Available records —
################

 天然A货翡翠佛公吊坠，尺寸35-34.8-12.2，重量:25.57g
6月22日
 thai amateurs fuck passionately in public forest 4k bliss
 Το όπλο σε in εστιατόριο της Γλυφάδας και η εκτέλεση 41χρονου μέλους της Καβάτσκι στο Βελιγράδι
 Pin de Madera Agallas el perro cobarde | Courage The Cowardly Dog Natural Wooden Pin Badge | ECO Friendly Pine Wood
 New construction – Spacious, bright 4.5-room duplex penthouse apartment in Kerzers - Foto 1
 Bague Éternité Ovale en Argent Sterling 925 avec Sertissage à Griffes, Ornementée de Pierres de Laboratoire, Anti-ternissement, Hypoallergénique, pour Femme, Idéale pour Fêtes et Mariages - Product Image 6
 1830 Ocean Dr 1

################

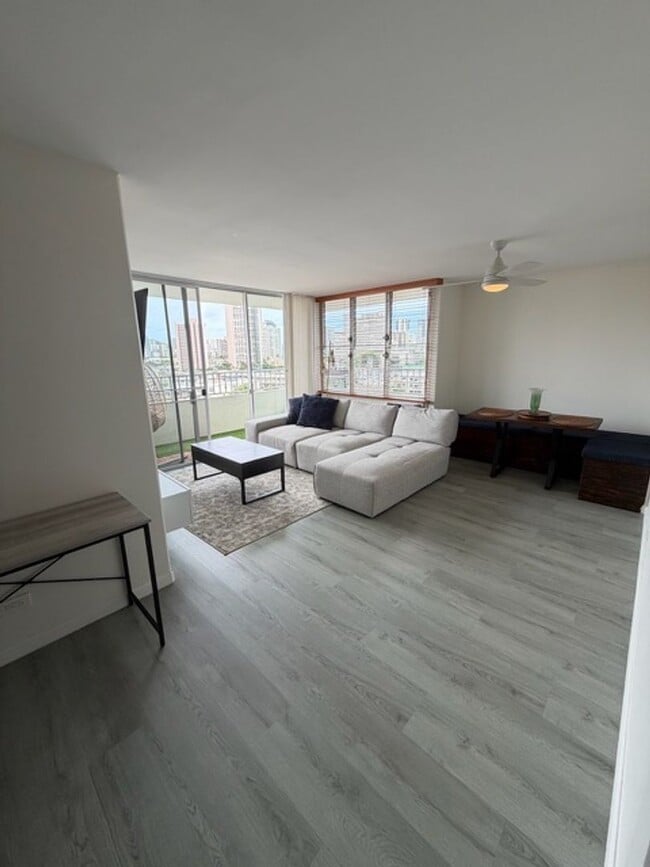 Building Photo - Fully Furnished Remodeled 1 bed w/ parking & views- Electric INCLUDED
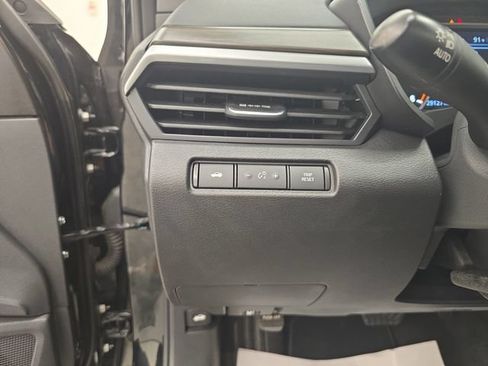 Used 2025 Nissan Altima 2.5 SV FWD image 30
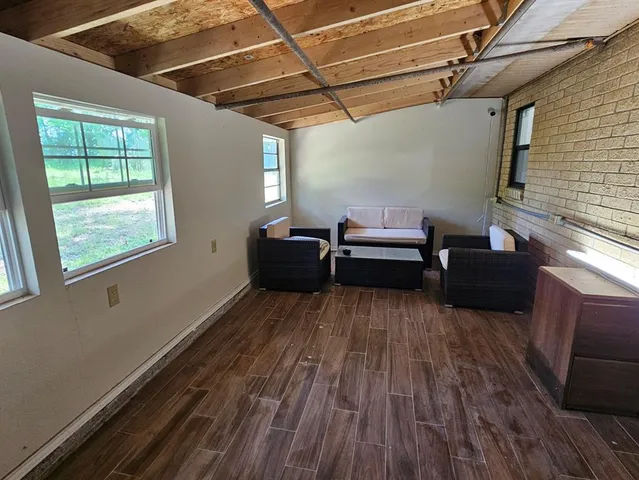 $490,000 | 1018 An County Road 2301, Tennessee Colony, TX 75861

################

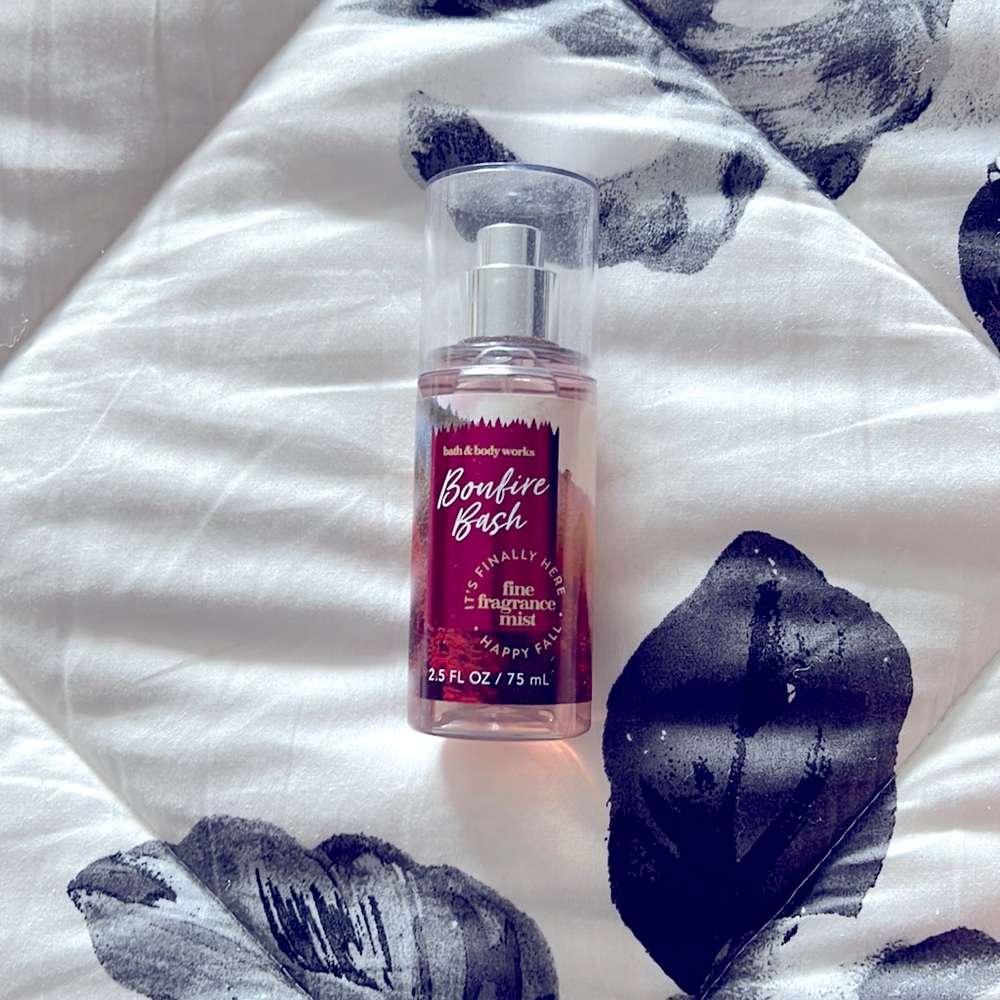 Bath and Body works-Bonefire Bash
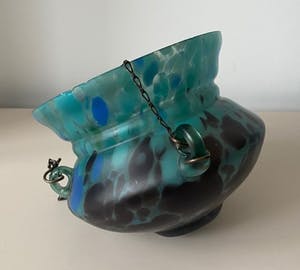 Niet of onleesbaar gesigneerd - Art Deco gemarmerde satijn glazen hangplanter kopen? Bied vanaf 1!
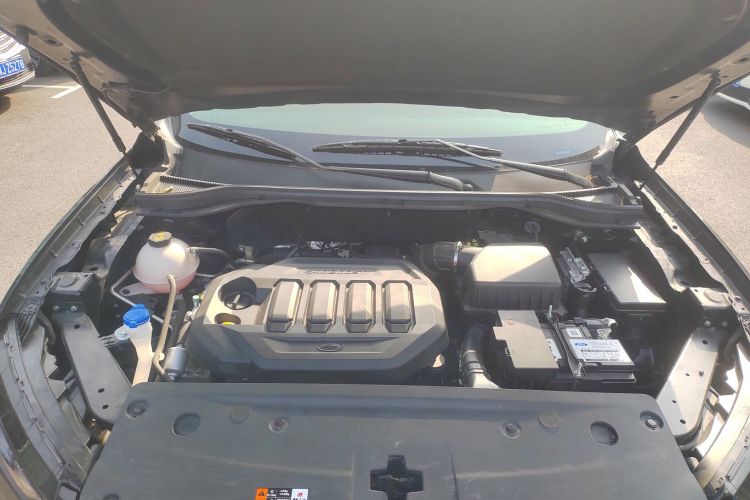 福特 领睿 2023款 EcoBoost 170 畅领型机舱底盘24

################

What you have to do — In the listing above, locate the line containing "天然A货翡翠佛公吊坠，尺寸35-34.8-12.2，重量:25.57g" and the line containing "1830 Ocean Dr 1". Transcribe those two lines and everything between them, exactly as written.

Written answer —
 天然A货翡翠佛公吊坠，尺寸35-34.8-12.2，重量:25.57g
6月22日
 thai amateurs fuck passionately in public forest 4k bliss
 Το όπλο σε in εστιατόριο της Γλυφάδας και η εκτέλεση 41χρονου μέλους της Καβάτσκι στο Βελιγράδι
 Pin de Madera Agallas el perro cobarde | Courage The Cowardly Dog Natural Wooden Pin Badge | ECO Friendly Pine Wood
 New construction – Spacious, bright 4.5-room duplex penthouse apartment in Kerzers - Foto 1
 Bague Éternité Ovale en Argent Sterling 925 avec Sertissage à Griffes, Ornementée de Pierres de Laboratoire, Anti-ternissement, Hypoallergénique, pour Femme, Idéale pour Fêtes et Mariages - Product Image 6
 1830 Ocean Dr 1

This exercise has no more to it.